I know that others have said the kit-yeast is fine, but I'd be more likely to throw it in the boil and use it as yeast-nutrients and then use US-05 or similar - that way the quality and the storage of the yeast should be more stable.


----------



## bum (19/3/10)

Fair point, Wolfy. It is good advice about the yeast, mrmatt.


----------



## moovet (22/3/10)

I just made my first GB brew which combined Chappos and Gravity Gurus recipes. I replaced all the sugar by using 1kg of my honey instead and the ginger beer has a wonderful aroma and flavour as a result I think. I crash chilled it to have it minimally alcoholic (for my pregnant wife) and with 1kg of honey it isn't too sweet. Maybe if it was going to be fully fermented you could add more honey.

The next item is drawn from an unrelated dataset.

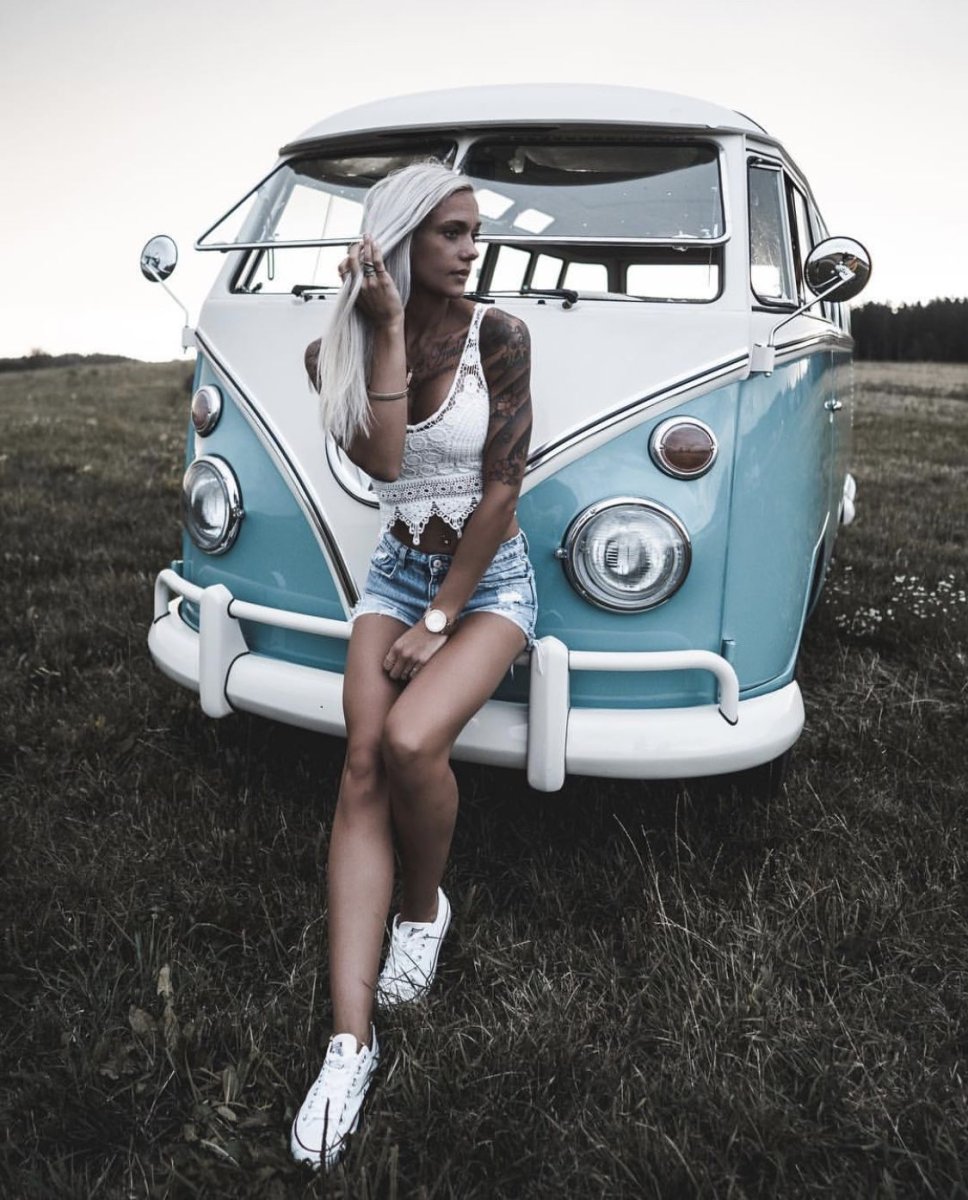 Volkswagen и девушки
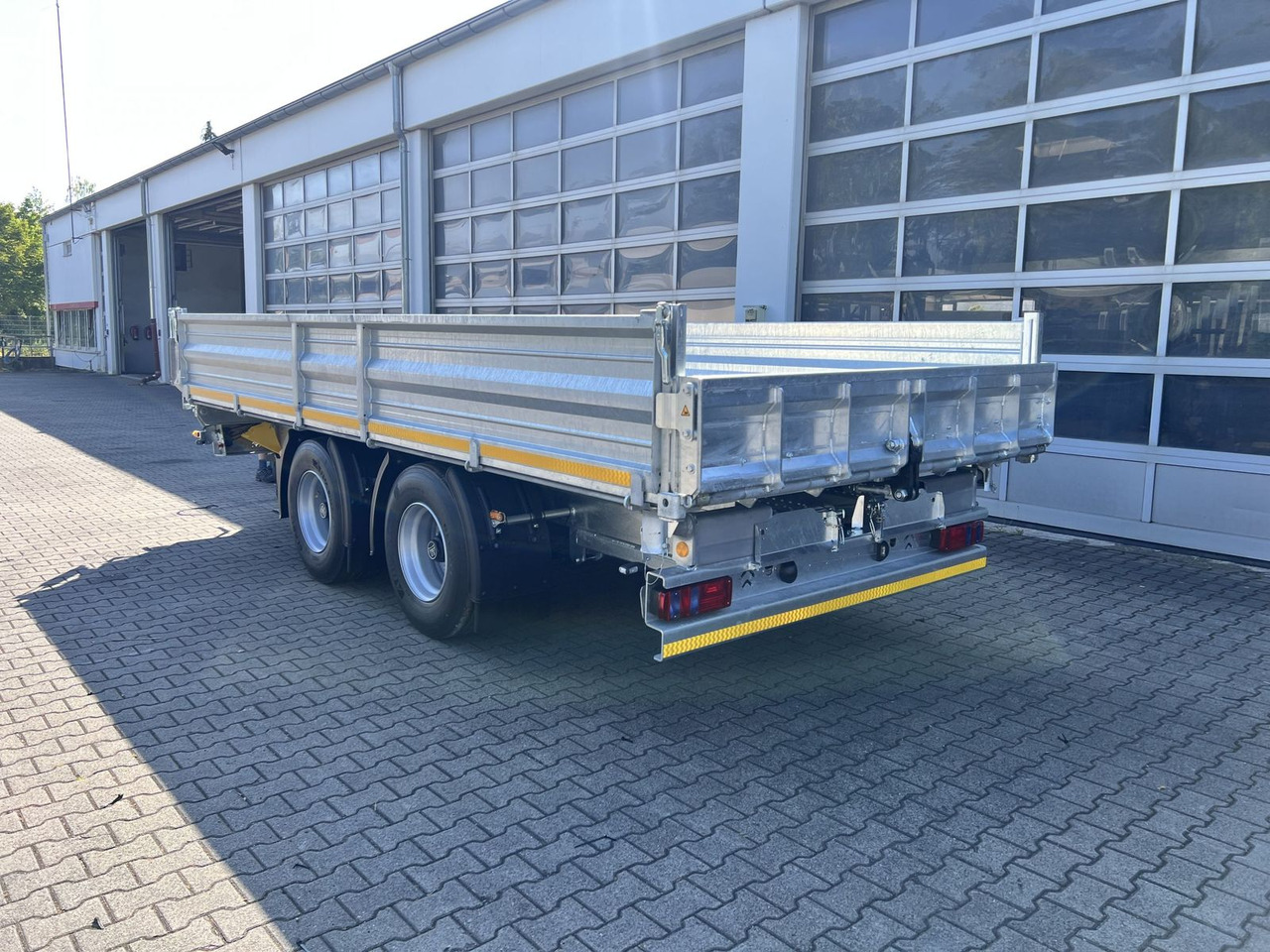 Möslein neuer 19 t Tandemkipper- Tieflader hydraulische - مقطورة قلاب: صورة 3 Möslein neuer 19 t Tandemkipper- Tieflader hydraulische - مقطورة قلاب: صورة 3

1 x Morgans Ginger Beer Kit
1 x 500g Fresh ginger - blended
1 kg honey (urban blend)
1 x 750ml Buderum Ginger Refresher Cordial
1 x fresh chilli (sliced thinly with the seeds in)
Zest from 2 lemons and limes
Juice from 2 lemons and limes
2 x crushed cloves
1 x stick Cinnamon - crushed

I boiled about 5 litres of water and then added the blended ginger for an hour adding the other fresh ingredients after 45min.

I added water up to a total of 19L as I was worried about the low starting SG which was 1.032. After about a week I racked to a secondary vessel for another week and crash-chilled for another week before Final gravity was 1.015 which equates to about 2.4%ABV.

As it has lost a bit of its gingerness over the last 10 days I might add another 250g next time.

Anyway, although being a biased beekeeper, I think honey goes fantastically well in ginger beer.

Cheers,


M


----------



## Homebrewbanga (11/11/17)

Hey guys,

just wondering when did you pitch your yeast during initial boil and again in fermenter? did you use just the kit yeast and did you leave all the cinnamon lemon and ginget in the boiled liquid that was put into fermenter?
And also have you made again and made any other adjustments, i am wanting to make a low alcohol version as well as the wife is pregnant
Cheers


----------



## Hpal (11/11/17)

You can still drink if she is pregnant!


----------



## Homebrewbanga (11/11/17)

The low alcohol is so she can have one and not feel bad


----------